According to Solomon Ashagre, owner and Managing Director of S-NITCO Trading Company, the fodder machine which he introduced last September can transform any kind of grain to a grassy fodder. One kilo of grain can be changed to up to seven kilos of highly nutritious grass, needing little space, and with no chemical inputs.
“We’ve so far only introduced the imported machine” Solomon said, adding that the future plans of the company include a target to have an assembly machine, while using some locally sourced raw materials for the production process of the fodder machine itself.
S-NITCO says the animal fodder production machine has been introduced to various animal fattening firms, dairy farms, goat and sheep farms and breeding centers in and around Addis Ababa, in the Oromia and Afar regions.

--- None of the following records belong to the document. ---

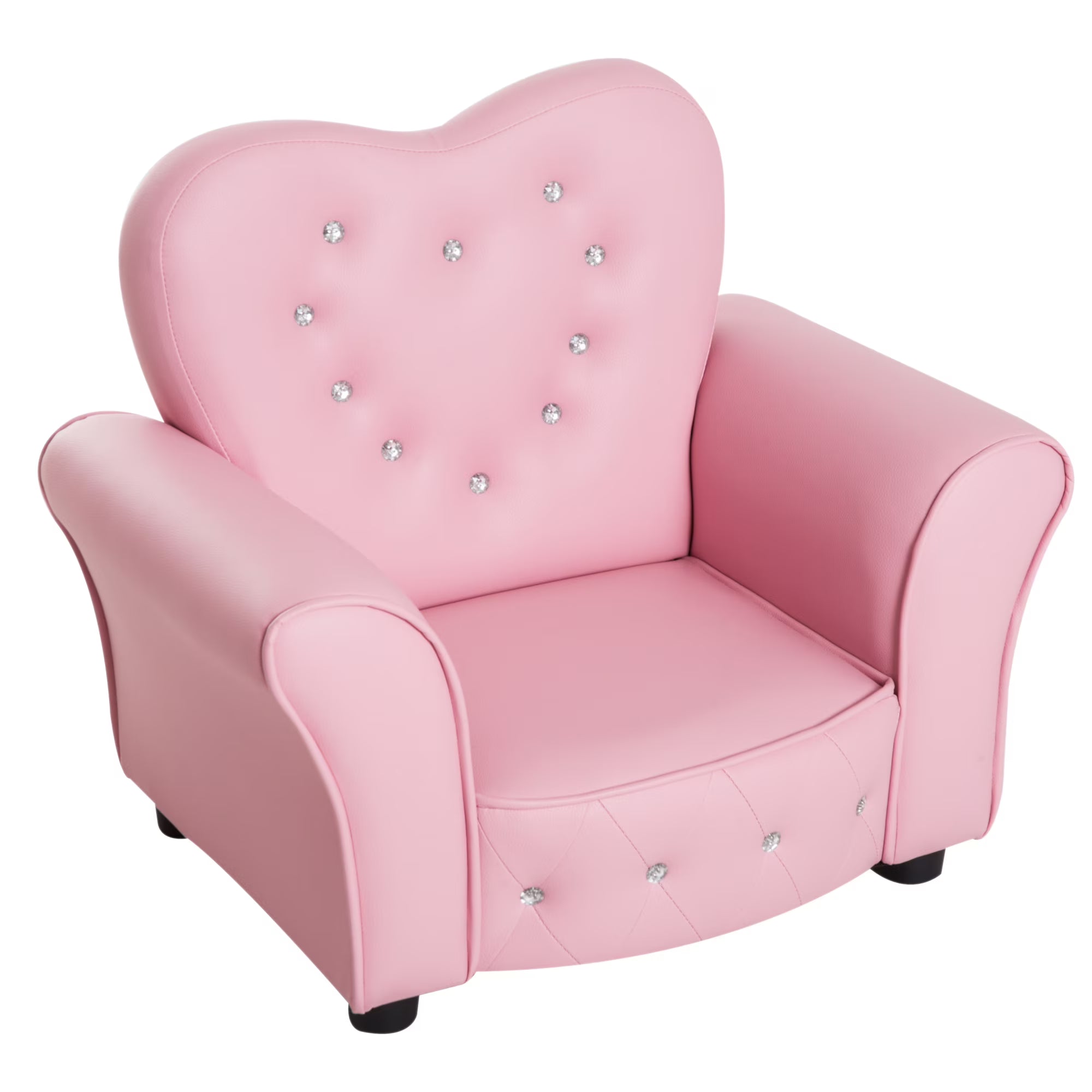 Pink Tufted Upholstered Kids Sofa Chair W49243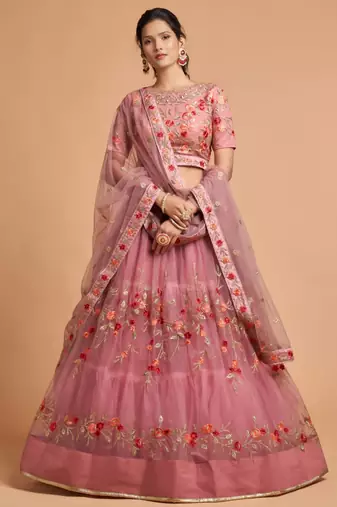baby pink net embroidered lehenga choli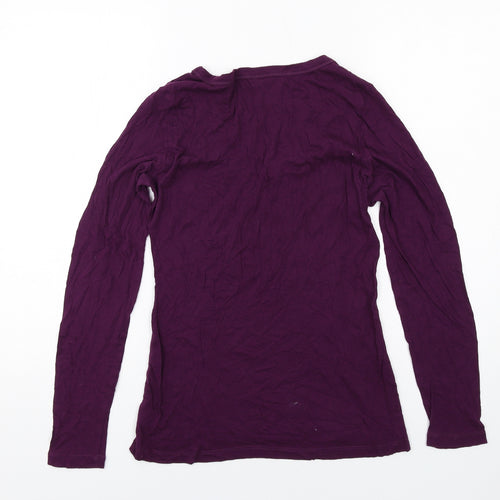 Marks and Spencer Womens Purple Cotton Basic T-Shirt Size 16 V-Neck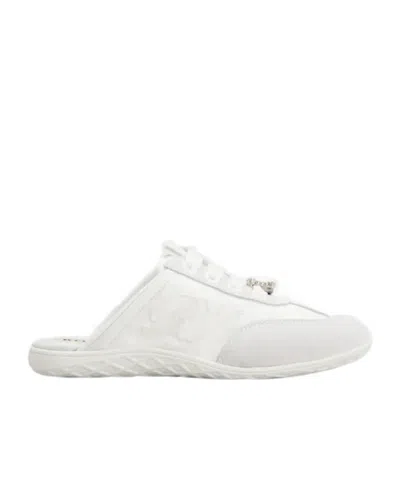 Roger Vivier Viv Low Mules In Suede And Fabric In White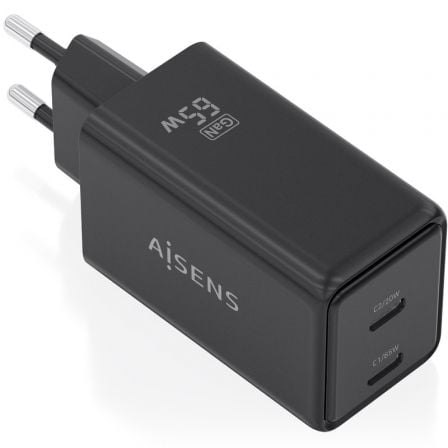 Carregador de Parede GaN Aisens ASCH-65W2P079-BK/ 2xUSB Tipo-C/ 65W/ Preto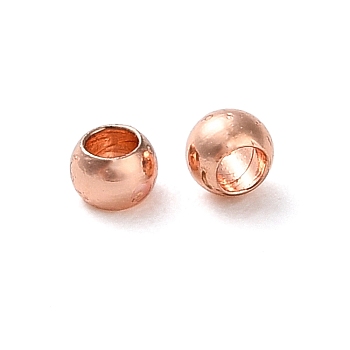 Rack Plating Brass Spacer Beads, Long-Lasting Plated, Lead Free & Cadmium Free, Round, Rose Gold, 2x1.7mm, Hole: 1mm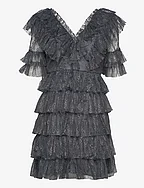 Sky v-neck frill mini lace dress - SMOKE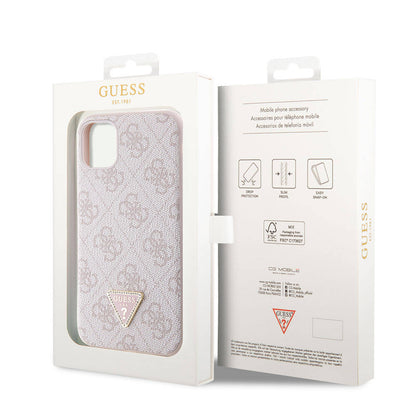 iPhone 11 Kılıf Guess Orjinal Lisanslı PU Deri Taşlı Üçgen Logo 4G Desenli Kapak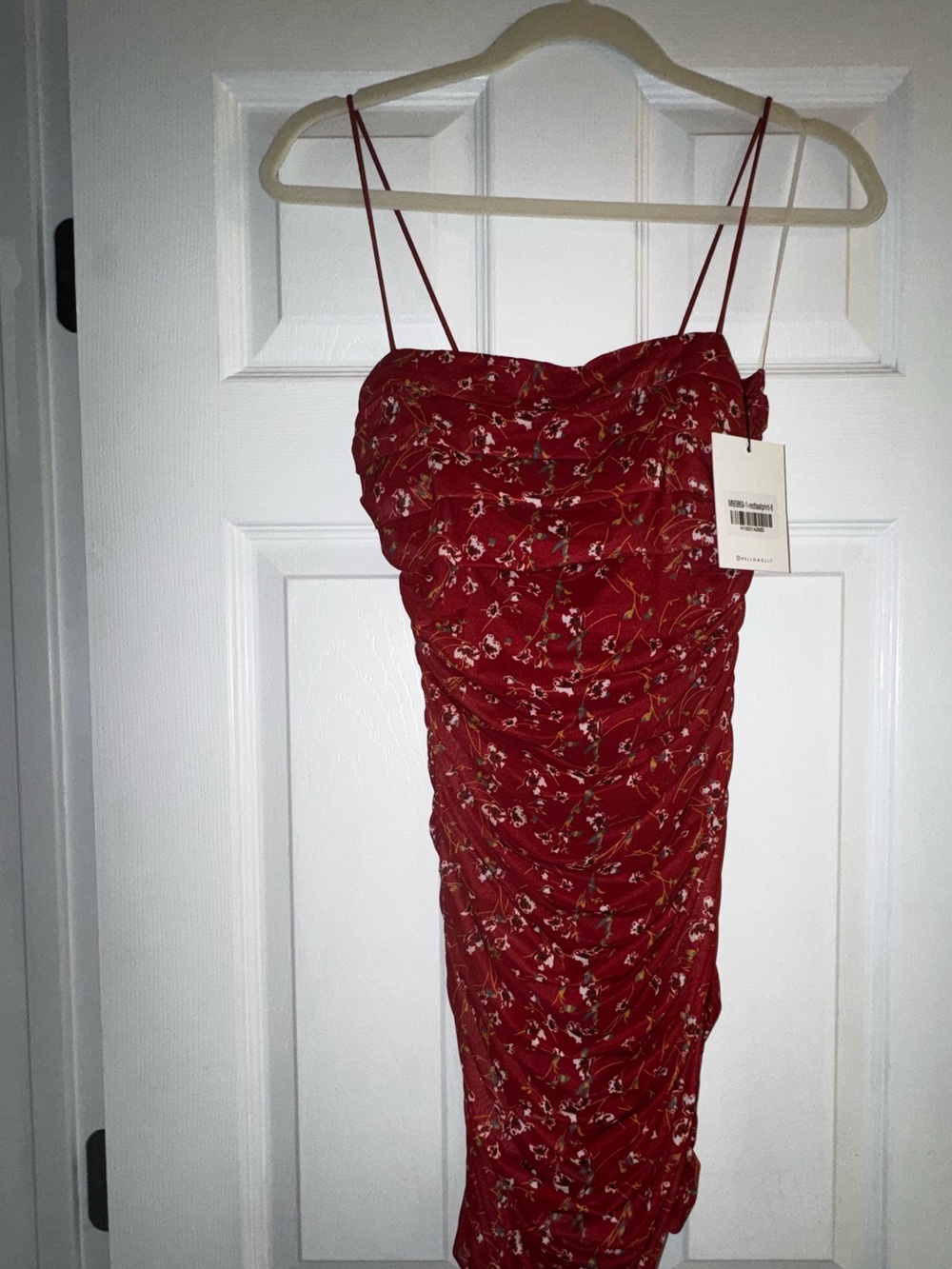 Hello Molly Red Floral Ruched Slip Dress NWT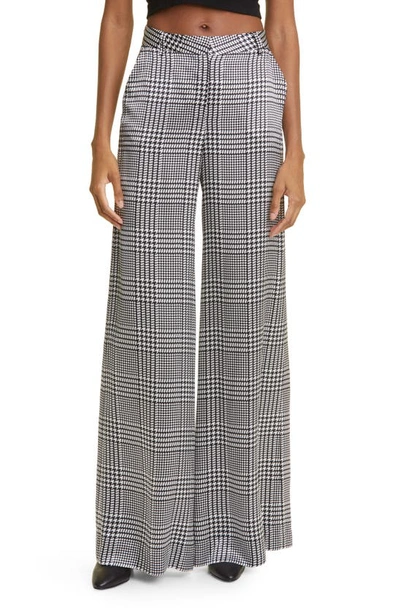 L Agence Gavin Houndstooth Plaid Wide-leg Trousers In Ivory Blk Large Glen Plaid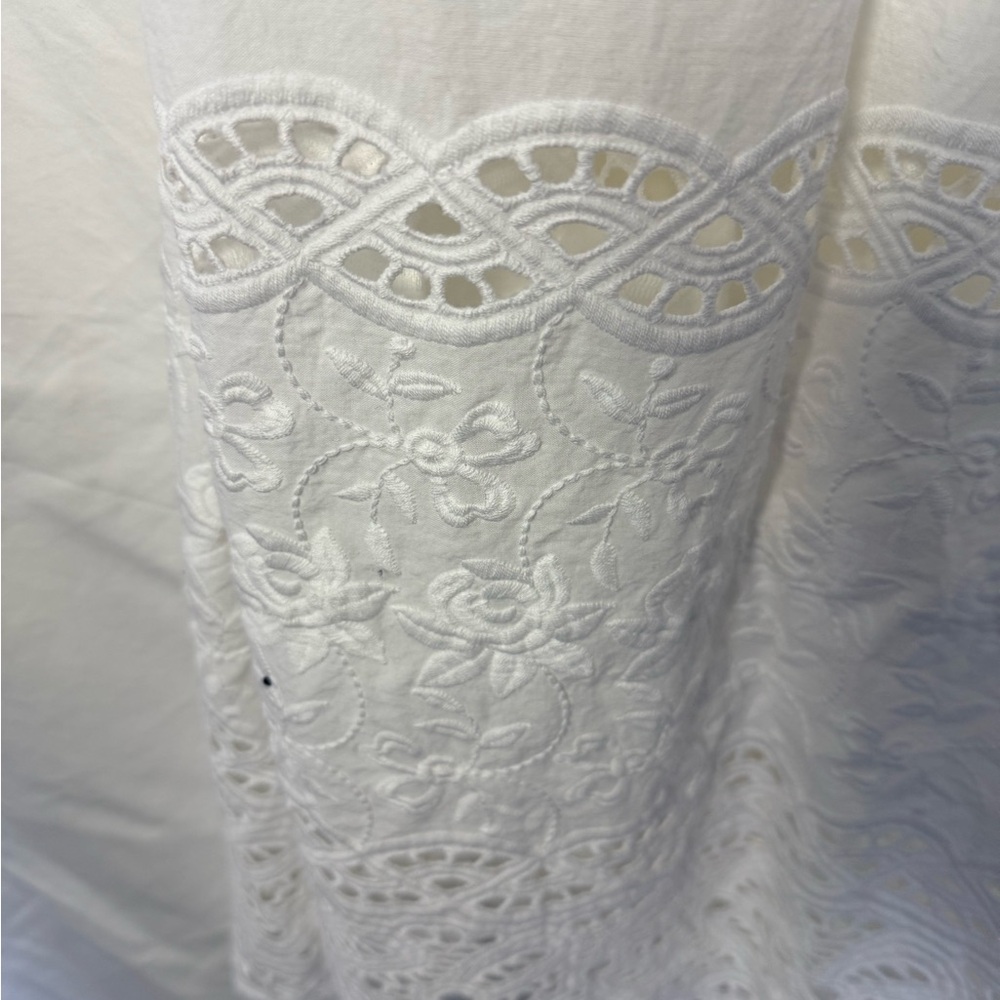 Elie Tahari White Cotton Eyelet Embroidered Midi Skirt Size M - Picture 4 of 7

The machine reportedly can work in mountainous, arid, and cold environments, and has a starting price of 650 thousand birr.
Solomon further said his company is familiar with the process of introducing new technologies, having previously worked on, and winning, international tender bids introduced and financed by international organizations like the African Development Bank (AfDB), the World Bank and the European Union. .
The company says that it has also previously supplied state of the art scientific and laboratory equipment to the Ministry of Health (MoH), 26 newly built universities, and to the governmental agency the Ethiopian Agricultural Research Organization (EARO).
“We chose an Australian feed machine produced by an Australian firm and assembled in Turkey because of the rich agricultural history of the country” Solomon told Capital.
He also said that the new fodder machine can be a game changer in the problem of inadequate supply of animal feed for farmers and pastoralists alike. The machine minimizes the need for labor and transportation, and has a far lower production cost compared to other more traditional animal feeding systems Ethiopians are accustomed to.
S-NITCO has a demonstration compound in the northern suburbs of Addis Ababa, in a place commonly known as CMC, and expects its customer base to consist of cattle fattening and breeding centers, Non- Governmental Organizations which assist local small scale farmers, Urban farmers, those who keep chicken coops, and Small and Micro Enterprises (SMEs) involved in diary production.